_Instructions to follow_
The line with "Olympic sacks Kentaro" marks the start; please set it down along with all later lines through the end of the material, exactly, leaving out pictures.

_Dataset_

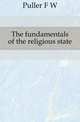 The fundamentals of the religious state, F. W. Puller 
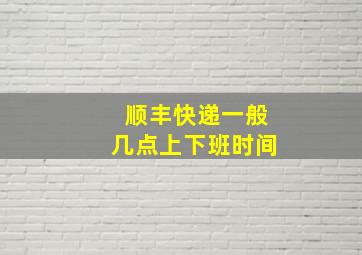 顺丰快递一般几点上下班时间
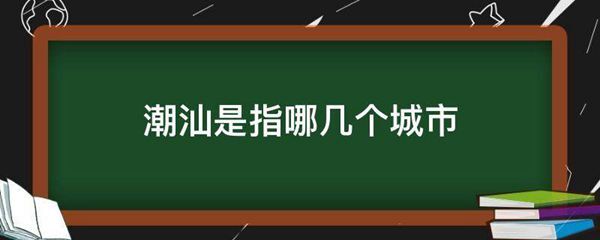 潮汕是指哪几个城市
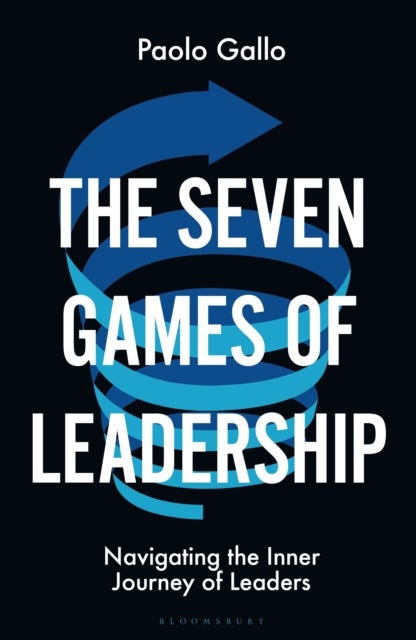The Seven Games of Leadership - Navigating the Inner Journey of Leaders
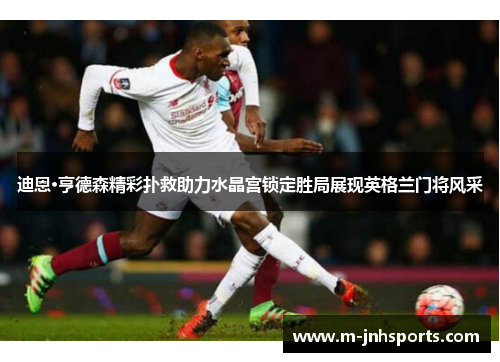 迪恩·亨德森精彩扑救助力水晶宫锁定胜局展现英格兰门将风采 迪恩·亨德森精彩扑救助力水晶宫锁定胜局展现英格兰门将风采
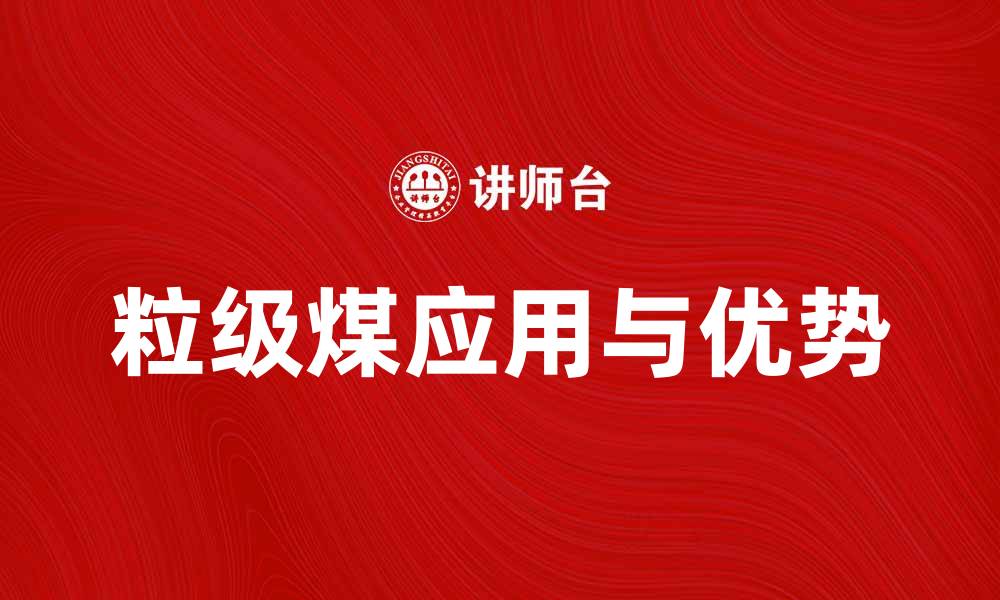 文章粒级煤的应用与优势解析，助力能源转型的缩略图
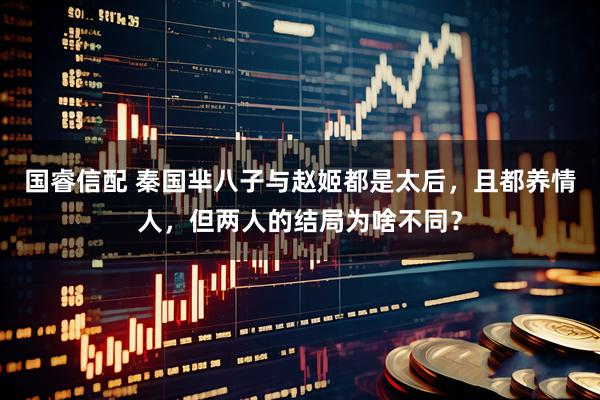 国睿信配 秦国芈八子与赵姬都是太后，且都养情人，但两人的结局为啥不同？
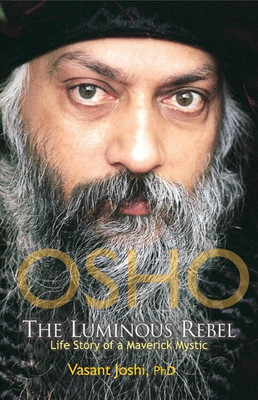 Osho, the Luminous Rebel(English, Paperback, Joshi Vasant Dr Ph.D.)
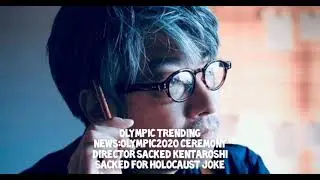 Olympic sacks Kentaro kobayashi for Holocaust joke.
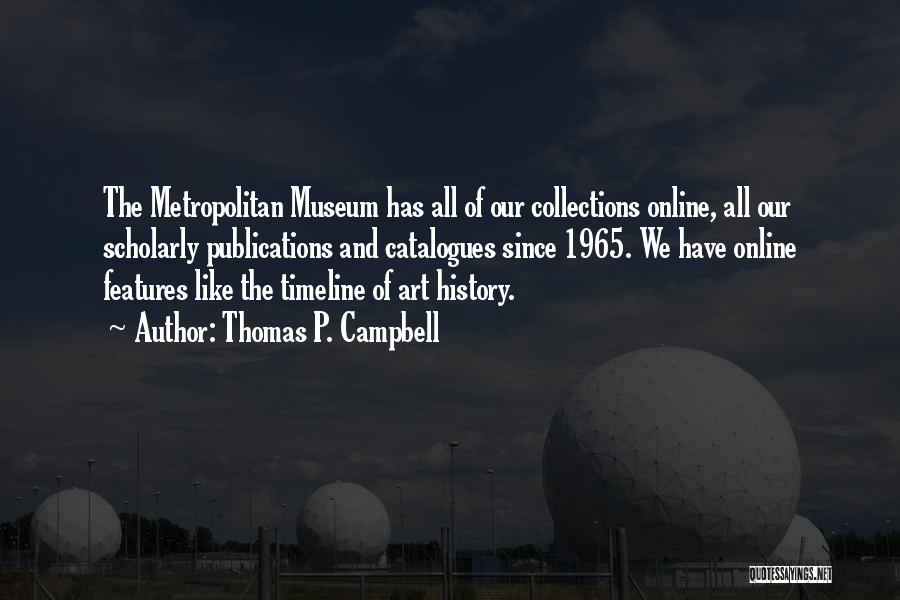 Thomas P. Campbell Quotes: The Metropolitan Museum Has All Of Our Collections Online, All Our Scholarly Publications And Catalogues Since 1965. We Have Online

_Response to this task_
 Olympic sacks Kentaro kobayashi for Holocaust joke.
 Thomas P. Campbell Quotes: The Metropolitan Museum Has All Of Our Collections Online, All Our Scholarly Publications And Catalogues Since 1965. We Have Online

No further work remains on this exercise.